*** Block opens ***

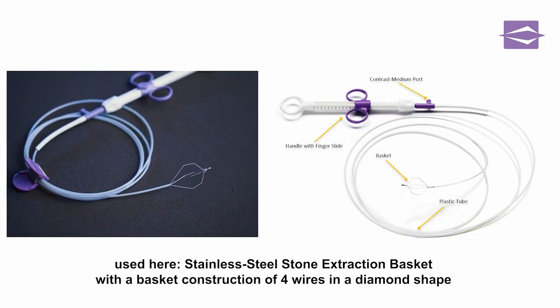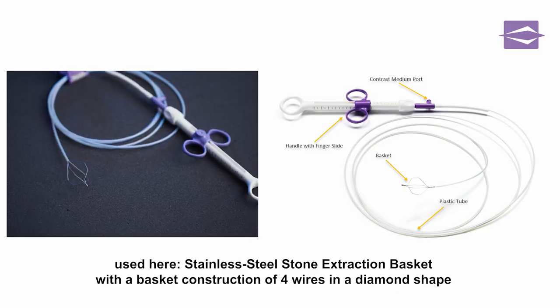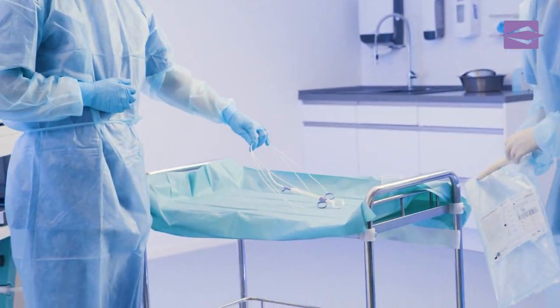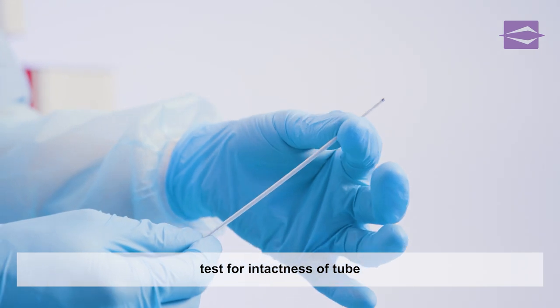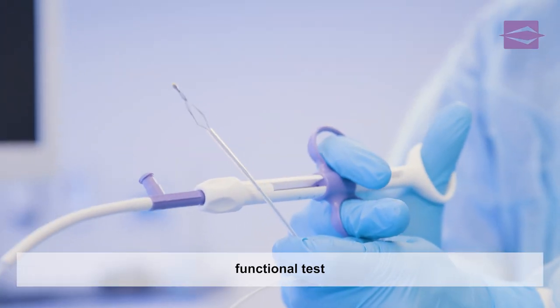we use a stainless steel extraction basket with a basket construction of four wires in a diamond shape. After data comparison, the stone extraction basket is removed from the sterile packaging. The assistant examines the tube for potential damage and kinks. The following function test confirms the usability of the basket.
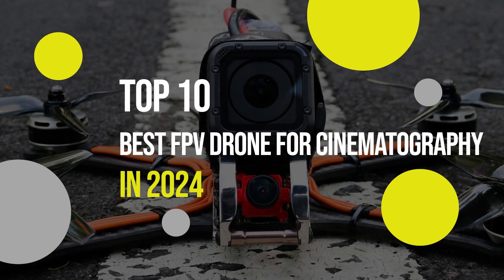Welcome to Drone Lost. In this video, I will show you the best FPV drones for filming stunning aerial shots. These drones have high-definition cameras, powerful motors, and advanced features that make them ideal for capturing amazing footage.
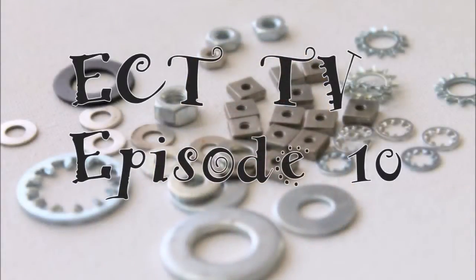Hi, this is Kim from ECT TV, and this is episode 10. This week I am going to teach you how to make something with a somewhat unconventional material. And if you've been watching some of the past episodes, you know that I actually really love using unconventional material. The reason why is I really think it gives you so much of a bigger opportunity to be able to express yourself and really show your personality in your jewelry making.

*** Block closes ***

* _TASK STATEMENT_
Word for word, repeat the data above with the pictures left out.

* _RESULT OF THE TASK_
we use a stainless steel extraction basket with a basket construction of four wires in a diamond shape. After data comparison, the stone extraction basket is removed from the sterile packaging. The assistant examines the tube for potential damage and kinks. The following function test confirms the usability of the basket.
Welcome to Drone Lost. In this video, I will show you the best FPV drones for filming stunning aerial shots. These drones have high-definition cameras, powerful motors, and advanced features that make them ideal for capturing amazing footage.
Hi, this is Kim from ECT TV, and this is episode 10. This week I am going to teach you how to make something with a somewhat unconventional material. And if you've been watching some of the past episodes, you know that I actually really love using unconventional material. The reason why is I really think it gives you so much of a bigger opportunity to be able to express yourself and really show your personality in your jewelry making.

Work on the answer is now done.